───── Dataset

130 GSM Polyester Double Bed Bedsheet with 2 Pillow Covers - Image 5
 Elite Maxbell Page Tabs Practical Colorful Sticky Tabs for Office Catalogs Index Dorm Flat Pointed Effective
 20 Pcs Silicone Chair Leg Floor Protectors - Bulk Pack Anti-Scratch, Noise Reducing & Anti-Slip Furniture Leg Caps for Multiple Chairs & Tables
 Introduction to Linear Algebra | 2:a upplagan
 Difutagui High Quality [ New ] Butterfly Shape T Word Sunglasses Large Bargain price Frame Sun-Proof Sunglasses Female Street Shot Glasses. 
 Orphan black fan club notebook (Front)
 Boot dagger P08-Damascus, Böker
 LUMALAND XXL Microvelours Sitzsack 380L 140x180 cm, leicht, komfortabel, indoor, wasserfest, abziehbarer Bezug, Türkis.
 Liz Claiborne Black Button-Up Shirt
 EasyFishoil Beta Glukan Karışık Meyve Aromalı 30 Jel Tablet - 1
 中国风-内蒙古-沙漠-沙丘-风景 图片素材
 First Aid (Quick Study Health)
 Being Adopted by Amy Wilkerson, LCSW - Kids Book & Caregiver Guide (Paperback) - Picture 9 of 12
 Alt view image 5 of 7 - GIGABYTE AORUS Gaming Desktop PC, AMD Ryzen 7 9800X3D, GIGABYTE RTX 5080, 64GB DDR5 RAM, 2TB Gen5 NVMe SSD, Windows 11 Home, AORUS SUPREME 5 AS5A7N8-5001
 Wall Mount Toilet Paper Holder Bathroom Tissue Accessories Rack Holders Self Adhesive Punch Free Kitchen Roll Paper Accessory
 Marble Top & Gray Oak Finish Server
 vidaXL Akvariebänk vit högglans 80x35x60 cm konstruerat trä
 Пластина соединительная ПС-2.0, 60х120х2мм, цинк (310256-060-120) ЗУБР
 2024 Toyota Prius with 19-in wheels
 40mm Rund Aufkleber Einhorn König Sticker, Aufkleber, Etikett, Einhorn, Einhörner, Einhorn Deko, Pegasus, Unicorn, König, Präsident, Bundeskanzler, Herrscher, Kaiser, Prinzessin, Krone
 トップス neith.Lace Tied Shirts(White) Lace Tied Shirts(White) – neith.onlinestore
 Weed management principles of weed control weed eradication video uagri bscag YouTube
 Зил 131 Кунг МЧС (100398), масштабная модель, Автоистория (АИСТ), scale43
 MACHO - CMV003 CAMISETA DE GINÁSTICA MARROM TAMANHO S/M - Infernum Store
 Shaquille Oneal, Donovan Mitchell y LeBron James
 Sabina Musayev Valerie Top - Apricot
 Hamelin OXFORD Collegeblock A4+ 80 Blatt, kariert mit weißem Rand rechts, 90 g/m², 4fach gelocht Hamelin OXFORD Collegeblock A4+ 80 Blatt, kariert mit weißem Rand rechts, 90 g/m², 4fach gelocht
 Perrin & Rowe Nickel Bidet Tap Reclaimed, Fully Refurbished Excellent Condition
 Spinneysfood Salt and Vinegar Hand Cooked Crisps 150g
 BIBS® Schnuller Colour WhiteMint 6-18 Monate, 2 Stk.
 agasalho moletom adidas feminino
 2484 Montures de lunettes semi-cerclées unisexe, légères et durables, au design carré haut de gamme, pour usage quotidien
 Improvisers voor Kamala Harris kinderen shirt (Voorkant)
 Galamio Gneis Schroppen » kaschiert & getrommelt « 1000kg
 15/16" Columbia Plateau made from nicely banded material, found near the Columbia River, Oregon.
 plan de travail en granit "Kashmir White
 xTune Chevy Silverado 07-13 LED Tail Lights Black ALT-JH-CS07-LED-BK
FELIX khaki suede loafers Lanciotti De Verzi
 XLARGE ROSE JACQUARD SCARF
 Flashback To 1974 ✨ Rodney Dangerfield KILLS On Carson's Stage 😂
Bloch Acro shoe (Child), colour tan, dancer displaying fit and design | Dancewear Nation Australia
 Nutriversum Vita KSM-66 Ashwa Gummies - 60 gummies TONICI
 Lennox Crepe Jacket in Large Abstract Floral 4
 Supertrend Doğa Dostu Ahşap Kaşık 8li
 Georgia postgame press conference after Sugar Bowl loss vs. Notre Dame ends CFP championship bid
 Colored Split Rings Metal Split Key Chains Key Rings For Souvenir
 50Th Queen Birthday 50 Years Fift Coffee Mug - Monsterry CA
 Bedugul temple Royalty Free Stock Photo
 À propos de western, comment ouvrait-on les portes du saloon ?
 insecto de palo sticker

──────────

Retype exactly the lines above, from the one with "Improvisers voor Kamala" through the one with "plan de travail", inclusive.

 Improvisers voor Kamala Harris kinderen shirt (Voorkant)
 Galamio Gneis Schroppen » kaschiert & getrommelt « 1000kg
 15/16" Columbia Plateau made from nicely banded material, found near the Columbia River, Oregon.
 plan de travail en granit "Kashmir White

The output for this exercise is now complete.